The toolkit demonstrates that nanopore-based de novo human genome assembly can be performed rapidly and inexpensively while maintaining high correctness. Shasta’s conservative assembly strategy yields fewer misassemblies and minimal unaligned sequence, trading some contiguity for correctness. MarginPolish and HELEN substantially improve base accuracy using only nanopore reads, achieving QV ≥30 on haploid assemblies and outperforming Racon+Medaka in both accuracy and efficiency. HiC scaffolding is effective and necessary to reach near chromosome-scale assemblies across diverse human samples without introducing detectable misjoins. Trio-binning enables haplotype-resolved assembly of complex loci like MHC, though reduced effective coverage can decrease contiguity and increase errors relative to chimeric diploid assemblies; higher coverage or merging strategies could mitigate this. Compared to PacBio HiFi, nanopore+Shasta delivers higher contiguity and fewer reference disagreements but lower base-level QV, suggesting complementary polishing with HiFi or 10x reads can achieve QV 40+. Overall, the results address the initial goal by reducing computational time and cost by orders of magnitude, enabling broader application of de novo assembly and improved access to complex genomic regions and structural variants.

This work introduces Shasta, a fast, memory-resident long-read assembler optimized for nanopore RLE/marker-space alignment and graph simplification, and a polishing pipeline (MarginPolish and HELEN) that leverages pair-HMM posteriors and a multi-task RNN to correct base and run-length errors. Using one PromethION and HiC scaffolding, the team assembled 11 human genomes in 9 days, producing near chromosome-scale scaffolds and high base accuracy with nanopore-only data. Shasta is significantly faster and cheaper than contemporary assemblers while yielding fewer misassemblies and higher base accuracy. The complete pipeline can produce a polished assembly in ~24 h for ~$180, and further parallelization could reduce turnaround toward a half-day. Future directions include integrating phasing into assembly to generate fully phased diploid assemblies, improving homopolymer error modeling, and incorporating complementary data types (e.g., PacBio HiFi, 10x) to reach QV 40+ across whole genomes. Real-time basecalling and streamlined computation could enable DNA-to-de novo assembly in under 96 hours, facilitating rapid genomic screening of difficult regions.
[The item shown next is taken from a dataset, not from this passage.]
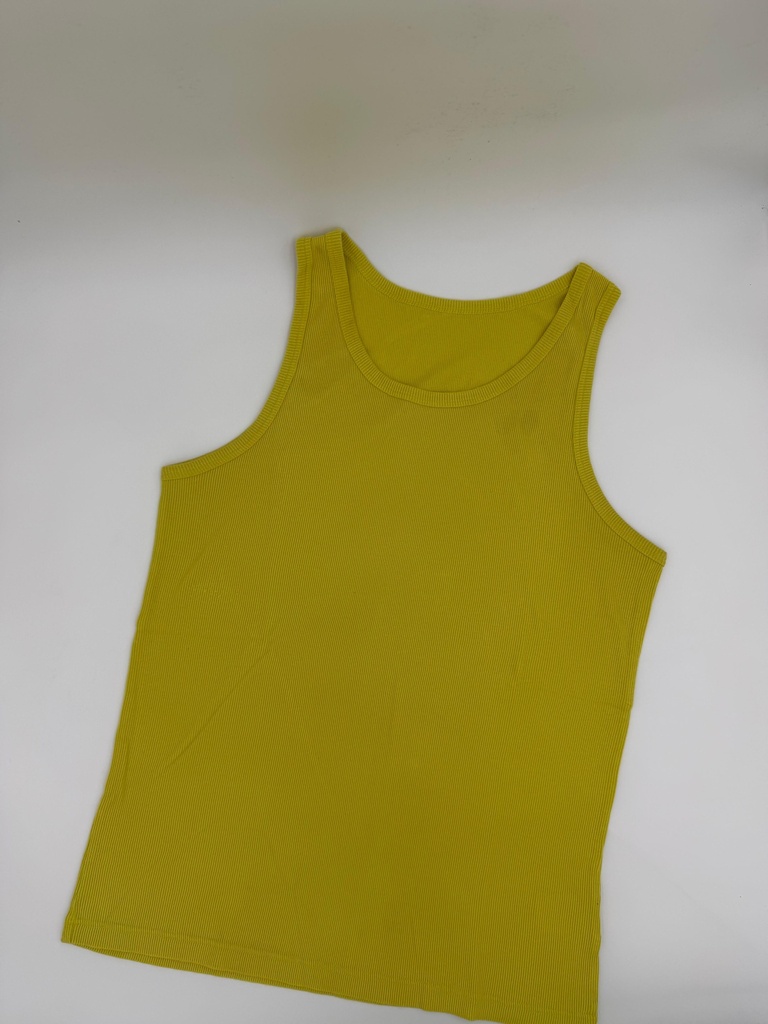 UNI QLO T-Shirt, size 11-1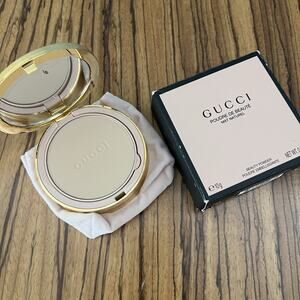 Gucci Poudre De Beauté Beauty Powder 01.5 Mat Naturel 0.35 oz 10g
• Shasta’s conservative approach yields slightly lower contiguity than Canu and fewer assembled bases in duplicated regions; many BACs in duplicated regions were not contiguously assembled compared to Canu/Flye.
• Base errors remain dominated by indels, especially homopolymer run-length errors; despite RLE, residual errors and numerical/encoding artifacts can affect very long homopolymers.
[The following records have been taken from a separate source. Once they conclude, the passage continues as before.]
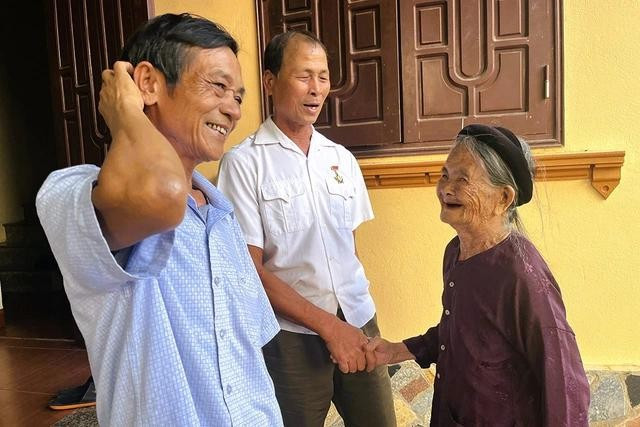Cựu chiến binh Lê Văn Mồi và Nguyễn Quang Hợi thăm hỏi mẹ của đồng đội Ngọ Văn Vượng Cựu chiến binh Lê Văn Mồi và Nguyễn Quang Hợi thăm hỏi mẹ của đồng đội Ngọ Văn Vượng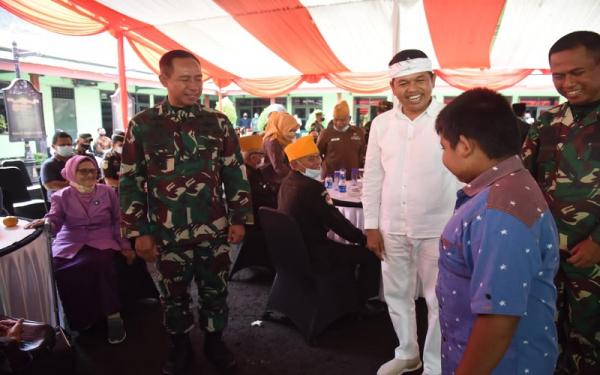 DEDI MULYADI HILMAN DISLEKSIA1 Dedi Mulyadi memperkenalkan Hilman kepada Pangdam III/Siliwangi Mayjen TNI Agus Subiyanto saat berkunjung ke Purwakarta. (Foto: ISTIMEWA)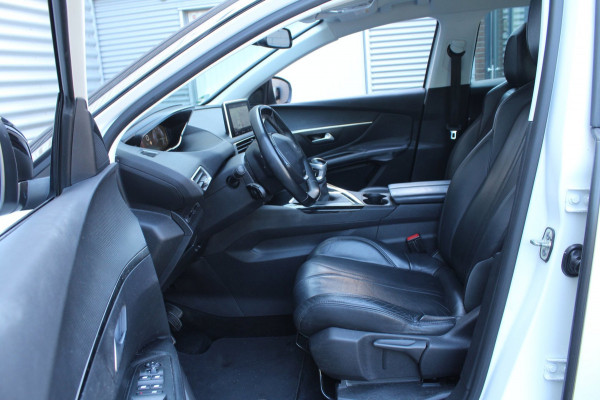 Peugeot 3008 1.2 PureTech 131pk Executive NL-Auto NAP
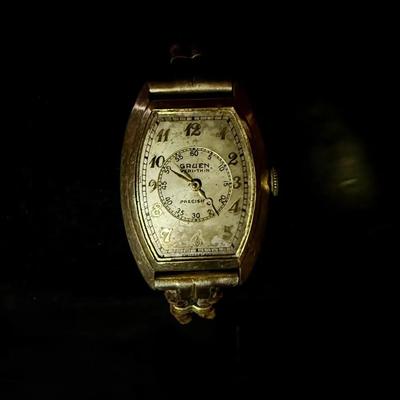 Lot 404: Vintage 1930s Gruen Veri-Thin Precision Wristwatch – 12K Gold-Filled Case, Missing Crystal,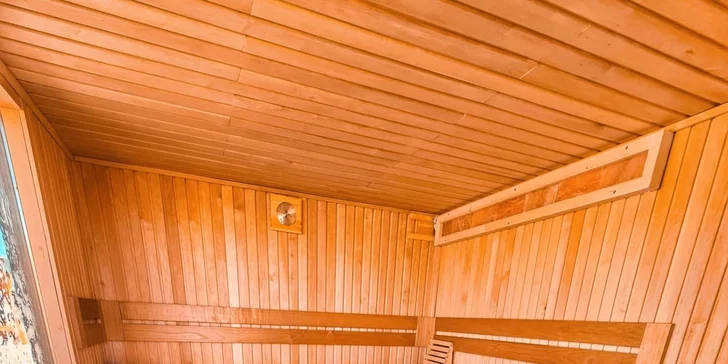 Prohřejete se ve venkovní finské sauně.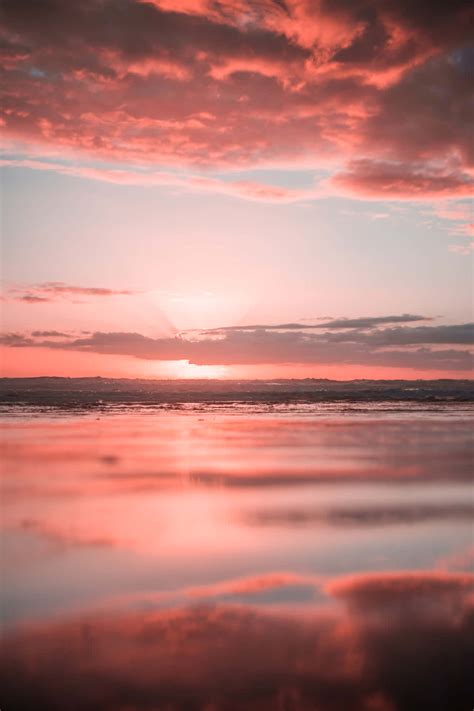 Download Take In The Majestic Beauty Of A Breathtaking Pink Beach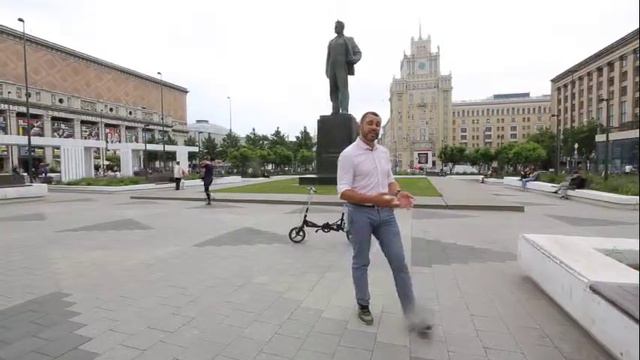 8 июня - День добрых дел - День донора. Триумфальная площадь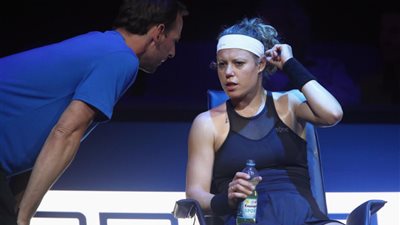 سيجموند لاعبة التنس الألمانية مصدومة من التقشف بأولمبياد طوكيو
• Trio-binned assemblies suffer reduced contiguity and higher base error due to halved coverage and unclassified reads; higher coverage is needed for optimal haplotype assemblies.
• The workflow requires large-memory compute nodes (1–2 TB RAM) for optimal Shasta performance, which may constrain some environments.
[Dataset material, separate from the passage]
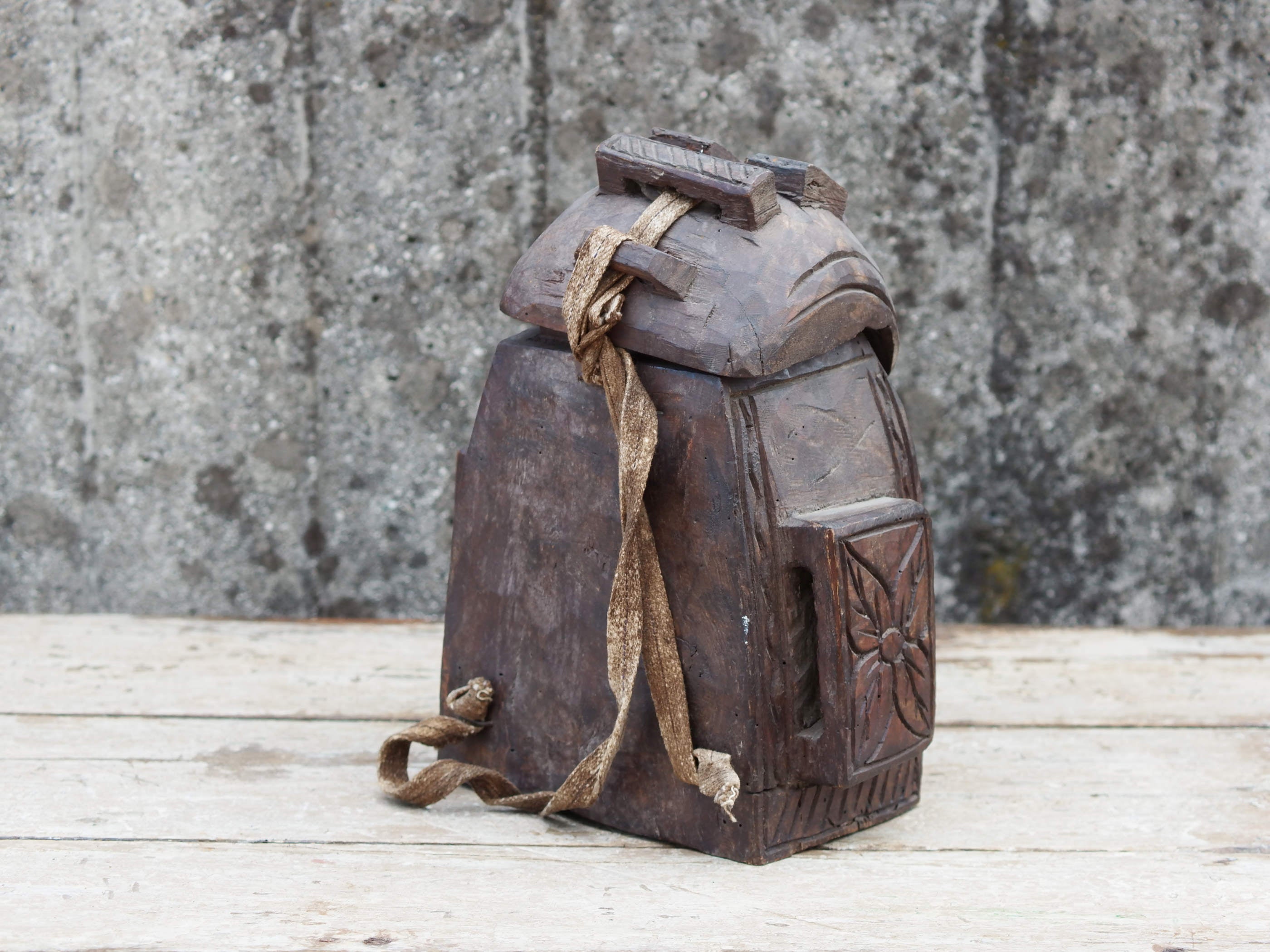 vecchia borraccia in legno ricavata da un unico tronco in legno.  dimensioni 22x16 h30cm   per info ed ulteriori foto watshapp 0039 3338778241 mail info@etniko.it facebook / instagram : etnikobycrosato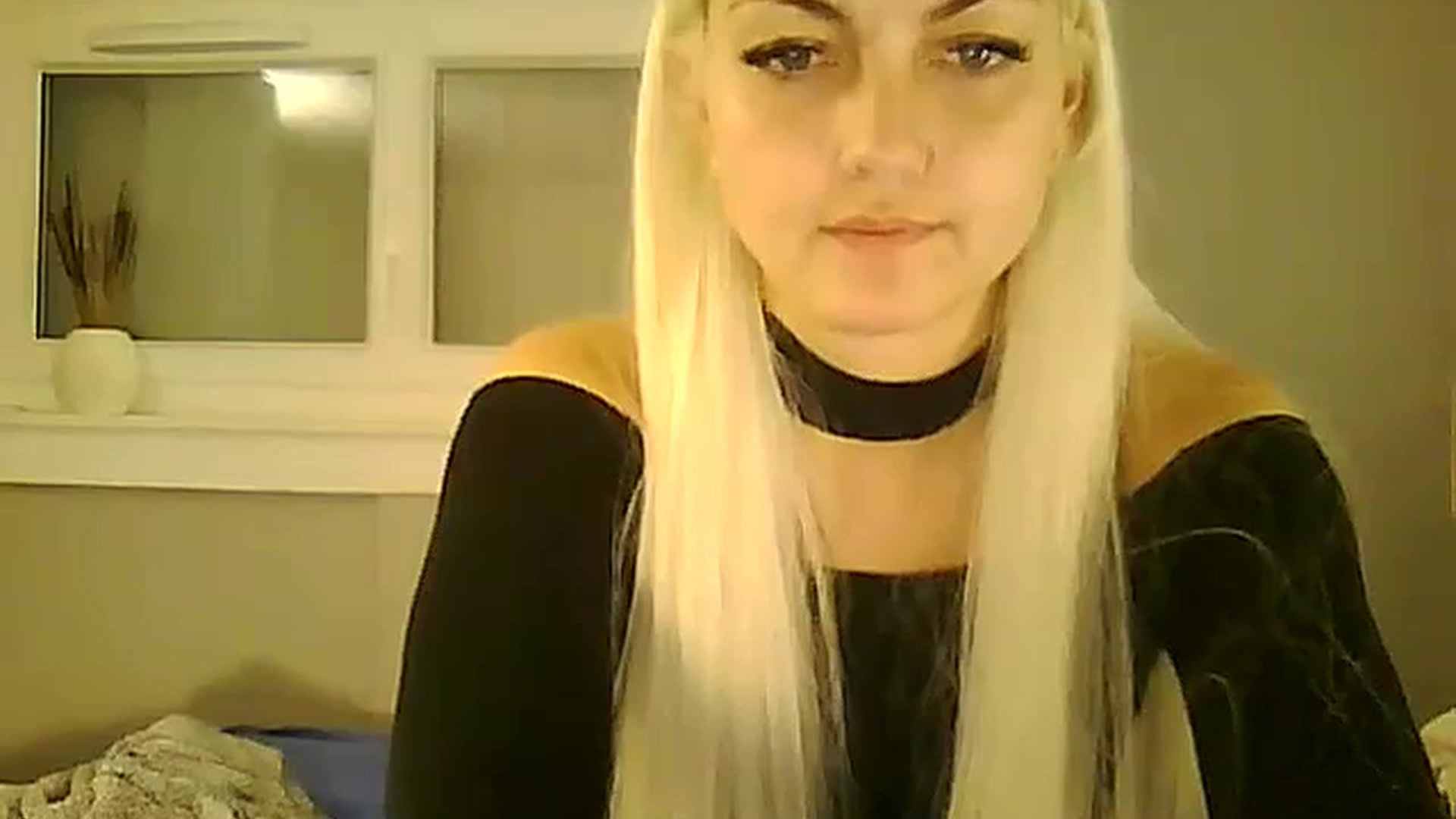 Gallery image thumbnail from AlissaMay's myfreecams stream on, 11/07/2023, 16:53 image 5 of 20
• Nanopore-polished assemblies have lower base QV than PacBio HiFi-based assemblies; additional polishing with complementary data is beneficial to reach QV ≥40.
• Chromosome-scale continuity still relies on additional HiC scaffolding; long ultra-long-read coverage (>100 kb) at ~30× is modeled to be needed for fully contiguous chromosome assemblies.